Studies purport to identify the sources of information that generative AI models like ChatGPT, Gemini, and Claude draw on to provide overviews in response to search prompts. The information seems compelling, but different studies produce different results. Complicating matters is the fact that the kinds of sources AI uses one month aren’t necessarily the same the next month. In this short midweek episode, Neville and Shel look at a couple of these reports and the challenges communicators face relying on them to help guide their content marketing placements.
Links from this episode:
The next monthly, long-form episode of FIR will drop on Monday, December 29.
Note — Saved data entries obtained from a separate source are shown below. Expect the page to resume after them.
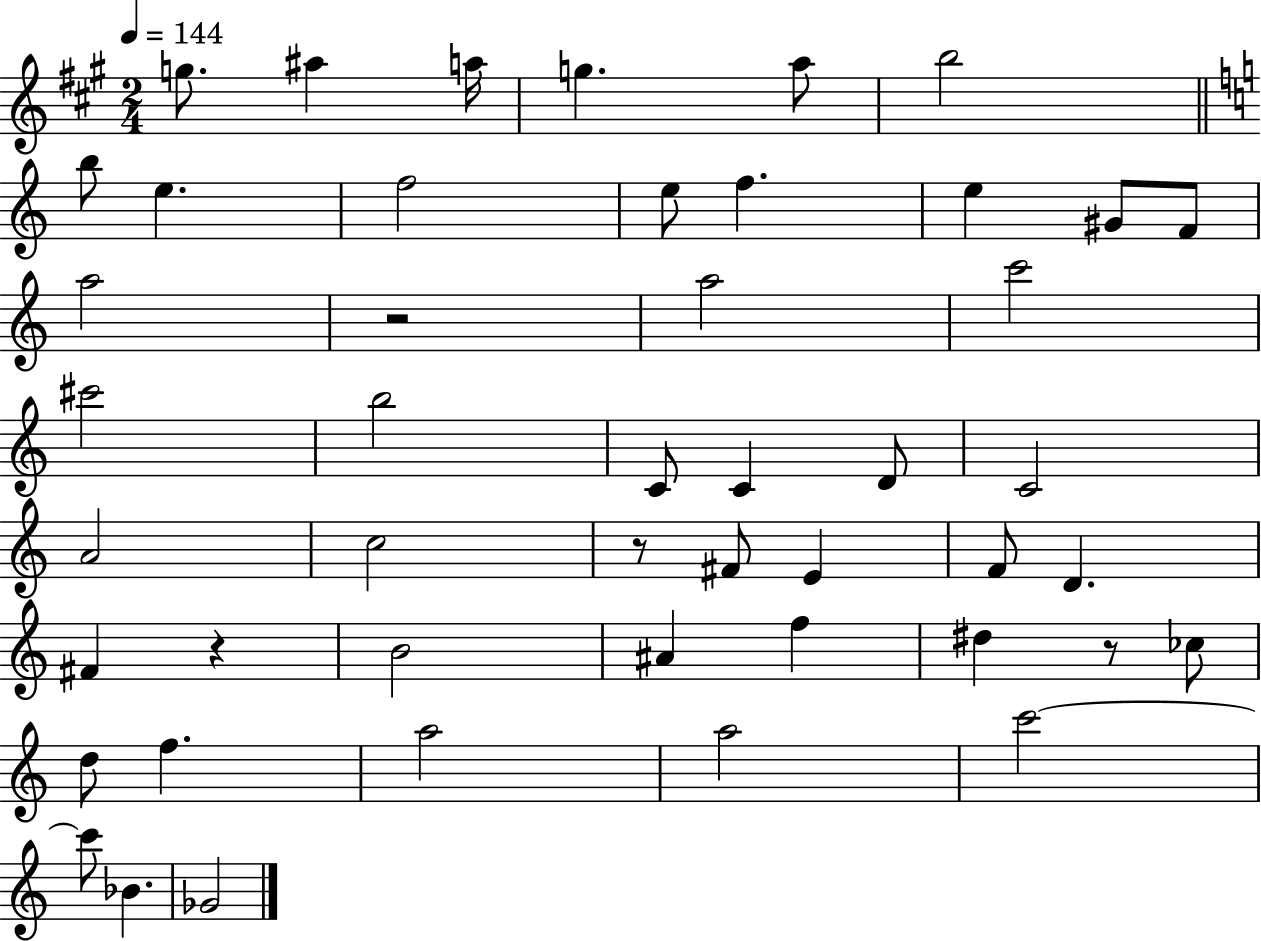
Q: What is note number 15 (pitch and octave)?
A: A5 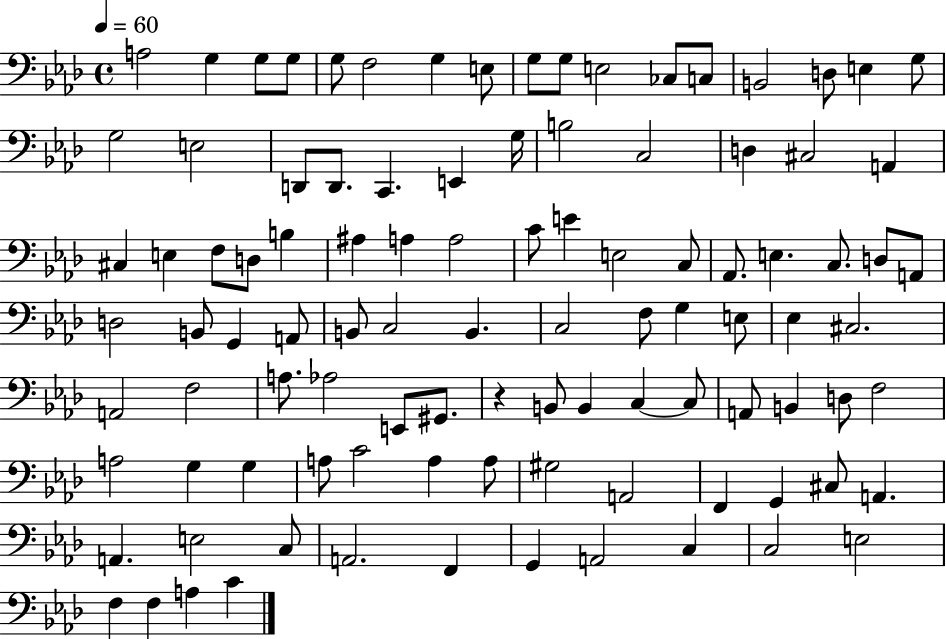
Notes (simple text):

A3/h G3/q G3/e G3/e G3/e F3/h G3/q E3/e G3/e G3/e E3/h CES3/e C3/e B2/h D3/e E3/q G3/e G3/h E3/h D2/e D2/e. C2/q. E2/q G3/s B3/h C3/h D3/q C#3/h A2/q C#3/q E3/q F3/e D3/e B3/q A#3/q A3/q A3/h C4/e E4/q E3/h C3/e Ab2/e. E3/q. C3/e. D3/e A2/e D3/h B2/e G2/q A2/e B2/e C3/h B2/q. C3/h F3/e G3/q E3/e Eb3/q C#3/h. A2/h F3/h A3/e. Ab3/h E2/e G#2/e. R/q B2/e B2/q C3/q C3/e A2/e B2/q D3/e F3/h A3/h G3/q G3/q A3/e C4/h A3/q A3/e G#3/h A2/h F2/q G2/q C#3/e A2/q. A2/q. E3/h C3/e A2/h. F2/q G2/q A2/h C3/q C3/h E3/h F3/q F3/q A3/q C4/q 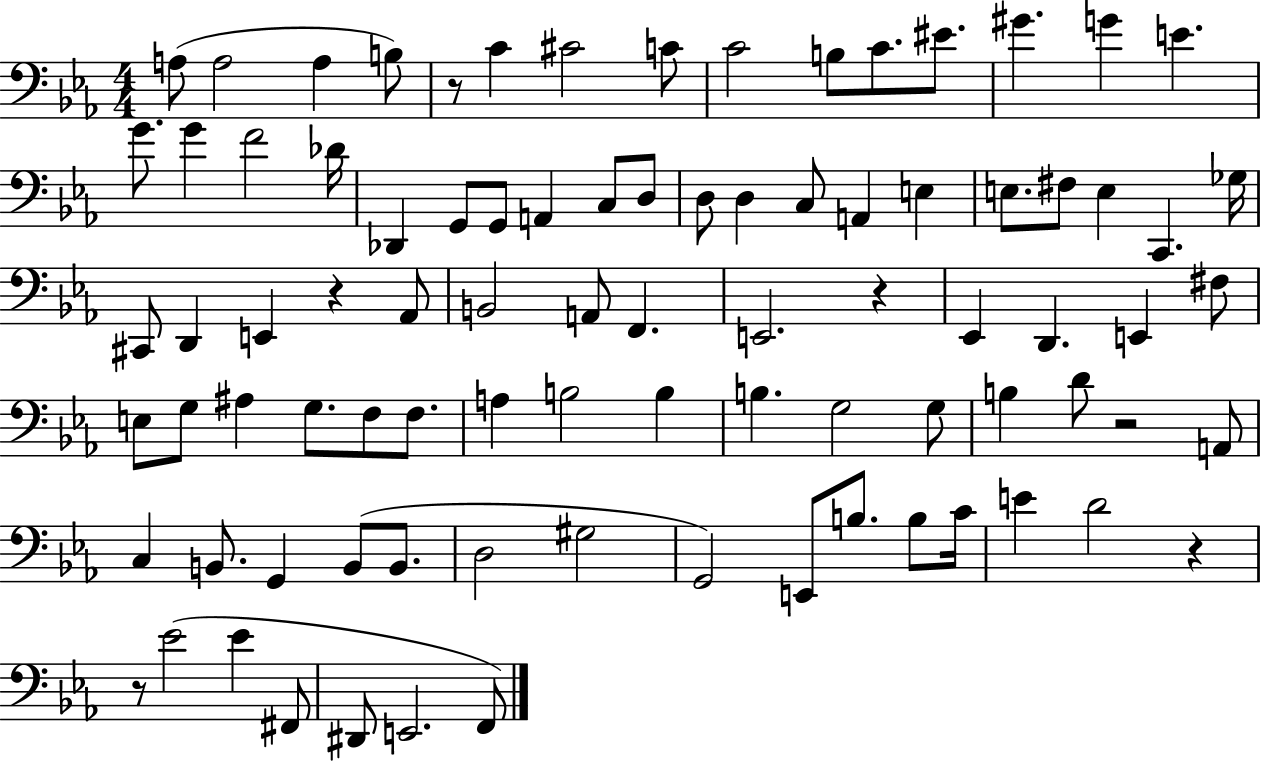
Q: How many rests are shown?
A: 6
We host a Communicators Zoom Chat most Thursdays at 1 p.m. ET. To obtain the credentials needed to participate, contact Shel or Neville directly, request them in our Facebook group, or email fircomments@gmail.com.
Special thanks to Jay Moonah for the opening and closing music.
You can find the stories from which Shel’s FIR content is selected at Shel’s Link Blog. You can catch up with both co-hosts on Neville’s blog and Shel’s blog.
Disclaimer: The opinions expressed in this podcast are Shel’s and Neville’s and do not reflect the views of their employers and/or clients.
Raw Transcript:
Shel Holtz Hi everybody, and welcome to episode number 490 of For Immediate Release. I’m Shel Holtz.
Neville Hobson And I’m Neville Hobson. One of the big questions behind generative AI is also one of the simplest: What is it actually reading? What are these systems drawing on when they answer our questions, summarize a story, or tell us something about our own industry? A new report from Muckrec in October offers one of the clearest snapshots we’ve seen so far. They analyzed more than a million links cited by leading AI tools and discovered something striking.
When you switch citations on, the model doesn’t just add footnotes, it changes the answer itself. The sources it chooses shape the narrative, the tone, and even the conclusion. We’ll dive into this next.
Those sources are overwhelmingly from earned media. Almost all the links AI sites come from non-paid content, and journalism plays a huge role, especially when the query suggests something recent. In fact, the most commonly cited day for an article is yesterday. It’s a very different ecosystem from SEO, where you can sometimes pay your way to the top. Here, visibility depends much more on what is credible, current, and genuinely covered. So that gives us one part of the picture.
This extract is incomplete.